I'm starting some research into classification in libraries (now that I have more time due to having had to drop social media from my life; see previous post). The main question I want to answer is: why did research into classification drop off at around the same time that library catalogs computerized? This timing may just be coincidence, but I'm suspecting that it isn't.

 I was in library school in 1971-72, and then again in 1978-80. In 1971 I took the required classes of cataloging (two semesters), reference, children's librarianship, library management, and an elective in law librarianship. Those are the ones I remember. There was not a computer in the place, nor do I remember anyone mentioning them in relation to libraries. I was interested in classification theory, but not much was happening around that topic in the US. In England, the Classification Research Group was very active, with folks like D.J. Foskett and Brian Vickery as mainstays of thinking about faceted classification. I wrote my first published article about a faceted classification being used by a UN agency.[1]

 In 1978 the same school had only a few traditional classes. I'd been out of the country, so the change to me was abrupt. Students learned to catalog on OCLC. (We had typed cards!) I was hired as a TA to teach people how to use DIALOG for article searching, even though I'd never seen it used, myself. (I'd already had a job as a computer programmer, so it was easy to learn the rules of DIALOG searching.) The school was now teaching "information science". Here's what that consisted of at the time: research into term frequency of texts; recall and precision; relevance ranking; database development.

I didn't appreciate it at the time, but the school had some of the bigger names in these areas, including William Cooper and M. E. "Bill" Maron. (I only just today discovered why he called himself Bill - the M. E., which is what he wrote under in academia, stands for "Melvin Earl". Even for a nerdy computer scientist, that was too much nerdity.) 1978 was still the early days of computing, at least unless you were on a military project grant or worked for the US Census Bureau. The University of California, Berkeley, did not have visible Internet access. Access to OCLC or DIALOG was via dial-up to their proprietary networks. (I hope someone has or will write that early history of the OCLC network. For its time it must have been amazing.)

The idea that one could search actual text was exciting, but how best to do it was (and still is, to a large extent) unclear. There was one paper, although I so far have not found it, that was about relevance ranking, and was filled with mathematical formulas for calculating relevance. I was determined to understand it, and so I spent countless hours on that paper with a cheat sheet beside me so I could remember what uppercase italic R was as opposed to lower case script r.
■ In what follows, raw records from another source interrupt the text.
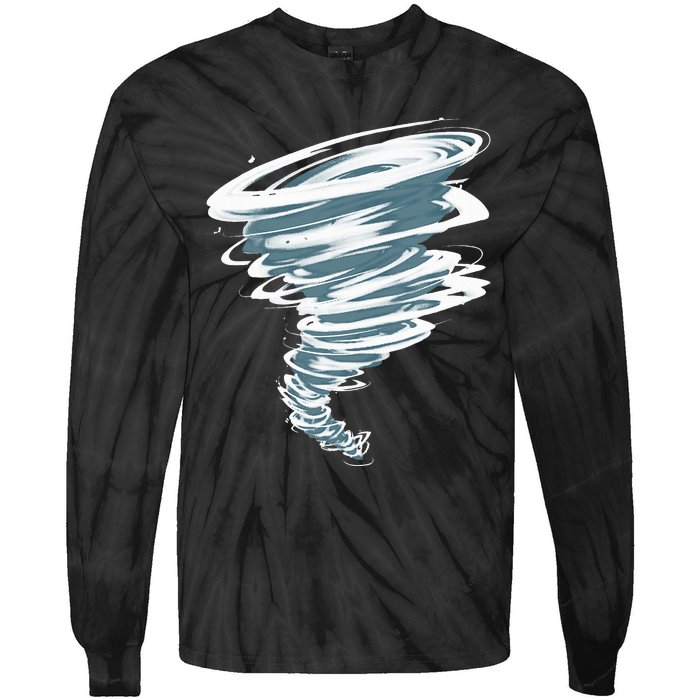 Best Tornado Storm Hunter Weather Meteorology Tie-Dye Long Sleeve Shirt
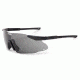 ESS ICE ONE Ballistic Eyeshield Kit,Black Frame,Nosepiece,Smoke Gray Lens,Pouch 740-0440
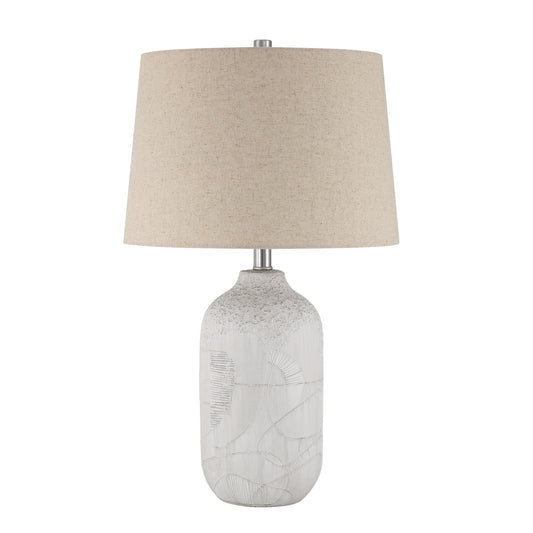 1 light linen ceramic table lamp set of 2 (1) by ACROMA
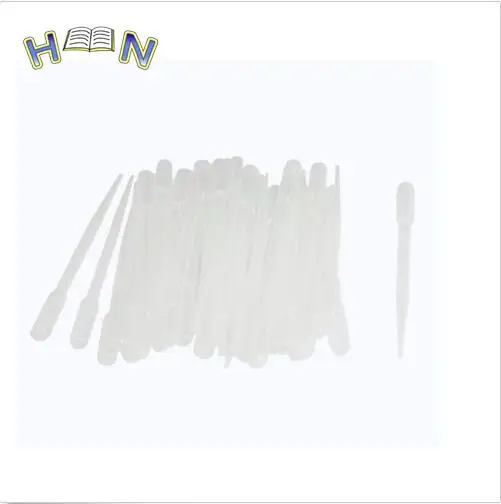 

100PCS/Lot 3ML 140mm Plastic Disposable Graduated Transfer Pipettes Eye Dropper Set
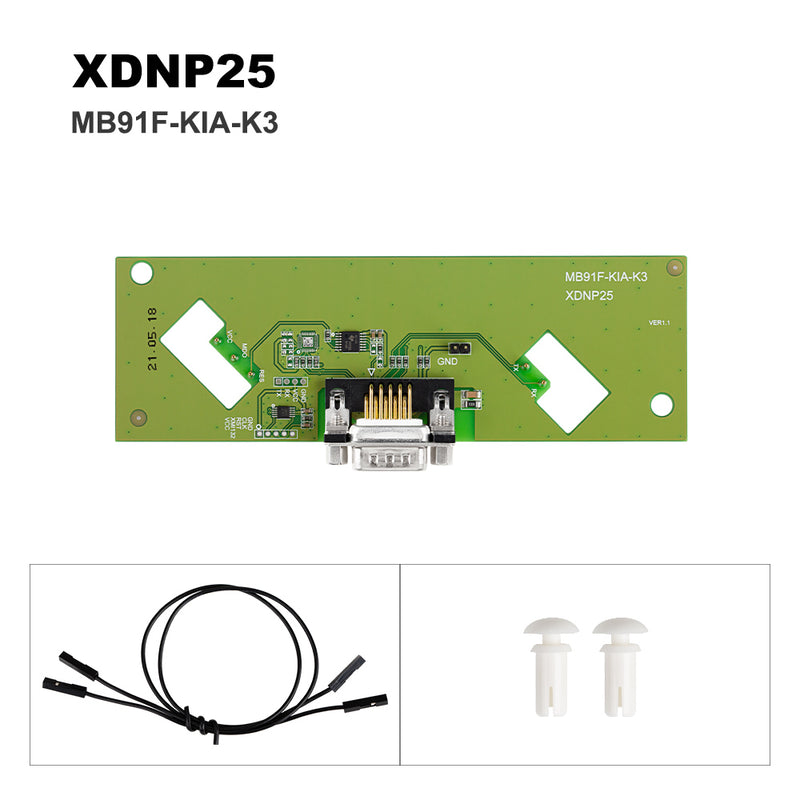 Xhorse XDNPP3 MB91F Doshboard Adapters Solder-Free Honda KIA Hyundai Set Work with VVDI Prog MINI PROG and KEY TOOL PLUS XHORE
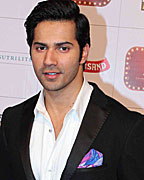 Varun Dhawan at Stardust Awards 2013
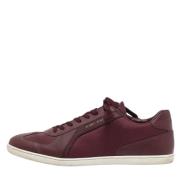 Pre-owned Leather sneakers Louis Vuitton Vintage , Red , Heren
I made it through the paper to the very end, where the last paragraph read (as I recall): "Of course, there is no way to obtain a value for R[elevance], so this theory cannot be tested." I could have strangled the author (one of my profs) with my bare hands.

Looking at the articles, now, though, I see that they were prescient; or at least that they were working on the beginnings of things we now take for granted. One statement by Maron especially strikes me today:
A second objective of this paper is to show that about is, in fact, not the central concept in a theory of document retrieval. A document retrieval system ought to provide a ranked output (in response to a search query) not according to the degree that they are about the topic sought by the inquiring patron, but rather according to the probability that they will satisfy that person‘s information need. This paper shows how aboutness is related to probability of satisfaction.[2] 
This is from 1977, and it essentially describes the basic theory behind Google ranking. It doesn't anticipate hyperlinking, of course, but it does anticipate that "about" is not the main measure of what will satisfy a searcher's need. Classification, in the traditional sense, is the quintessence of about. Is this the crux of the issue? As yet, I don't know. More to come.

[1]Coyle, Karen (1975). "A Faceted Classification for Occupational Safety and Health". Special Libraries. 66 (5-6): 256–9.
[2]Maron, M. E. (1977) "On Indexing, Retrieval, and the Meaning of About". Journal of the American Society for Information Science, January, 1977, pp. 38-43

2 comments:

Claudio Gnoli said...

Did you see my previously submitted comments? CG

Karen Coyle said...

Claudio, it appears that they did not come through, and unfortunately I don't know why. I checked in the various comment folders. Can you try again? I'm sorry about this glitch.